Outro ponto que chama a atenção é a BR 319, de Manaus a Porto Velho, no centro-oeste da Amazônia. Há muito pouca degradação ambiental no entorno da rodovia porque ela não é asfaltada e está em condições precárias. O projeto de asfaltamento sofre firme resistência do IBAMA e de especialistas e há uma clara tentativa de atropelar o licenciamento ambiental e apressar a obra, como é praxe do nosso governo, o que fatalmente abriria a última fronteira de desmatamento no intacto - pois isolado - bloco de florestas do oeste brasileiro.

Tirei os mapas do belo projeto do http://florestasilenciosa.ambiental.media/

Postado originalmente no Facebook.

segunda-feira, 12 de junho de 2017

O tiozinho da Embrapa atacou de novo

Tô aqui embasbacado com o "artigo" do intrépido tiozinho da Embrapa, Evaristo de Miranda, publicado no Estadão (http://bit.ly/2tdcM1k). Ele assinou com caps lock no fim "CHEFE GERAL DA EMBRAPA MONITORAMENTO POR SATÉLITE". Não lia nada tão ruim desde o prefácio do PL que alterava o Código Florestal, de autoria do Aldo Rebelo. É sem dúvida um grande feito (que achei pelo ótimo ClimaInfo).

Não me refiro aos incontáveis erros de concordância ou à, digamos, ousada aplicação de pontos de exclamação, parênteses e reticências ao longo do artigo. O que escandaliza é a desonestidade com os dados, a absoluta ausência de rigor científico e a deliberada distorção de números, fatos e estatísticas pra ludibriar leitores leigos.

O título já é audacioso: "Agricultura lidera preservação no Brasil". Qualquer pessoa mais ou menos bem informada já sabe que vem por aí uma cruzada anti-ambiental pautada no falso antagonismo entre produção e preservação; e que o texto invariavelmente vai falhar na sustentação de tão audaciosa sentença.

É o que acontece: primeiro Evaristo cita que o Brasil tem 13% do território em APs (áreas protegidas, ou seja, unidades de conservação + terras indígenas, segundo a definição que ele parece ter usado aqui), quando tem pelo menos o dobro (http://bit.ly/2td7MJV).

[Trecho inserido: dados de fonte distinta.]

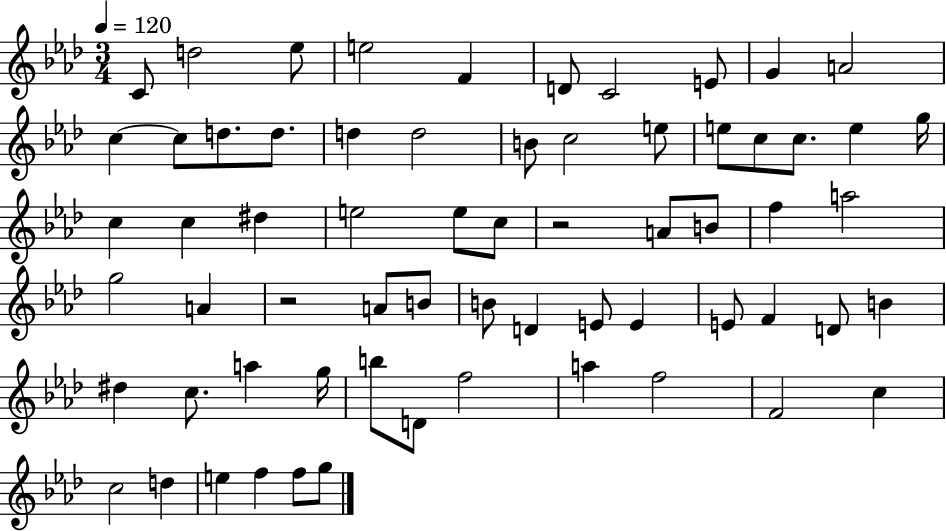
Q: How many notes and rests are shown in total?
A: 65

Depois ele afirma que a área de reserva legal protegida nas propriedades rurais (20,5% segundo ele) é maior que a área das APs (13%) porque é 20 é maior que 13, sem citar que 20 se refere apenas a área somada das propriedades rurais (ou seja, 410 milhões de ha) e que 13%, que na verdade são 27%, se aplicam sobre toda a área do país (851 milhões ha); matemática básica, as áreas protegidas não são pouco mais da metade, mas o dobro do percentual (não 13, mas 27%) de uma área duas vezes maior (851 x 410), ou seja, 4 vezes mais terras do que as reservas legais, quase 8x o que ele sustenta. Pra quem é CHEFE GERAL DA EMBRAPA MONITORAMENTO POR SATÉLITE é um "erro" com algum peso...

Detalhe: sei que não deveria, mas tô dando um voto de confiança nos 20% dele sobre preservação em propriedades rurais, com base no Cadastro Ambiental Rural (CAR). Desconfio que tem mutreta estatística aí também, como contabilizar áreas de preservação que deveriam ser preservadas, mas que não estão de fato, seja pela anistia de Dilma  Temer e sua base aliada, seja pela ineficiência da aplicação da lei. Além disso, o CAR é feito com base apenas na declaração dos proprietários e não tem georreferenciamento obrigatório, portanto ainda carece de validação por parte do poder público, por via remota ou por vistorias. Evaristo deu sua opinião sobre esta necessária validação de dados pra que o código florestal seja de fato cumprido: "pasmem! – algumas instituições ainda pretendem organizar uma verdadeira 'inquisição informatizada' para analisar a situação ambiental de cada um".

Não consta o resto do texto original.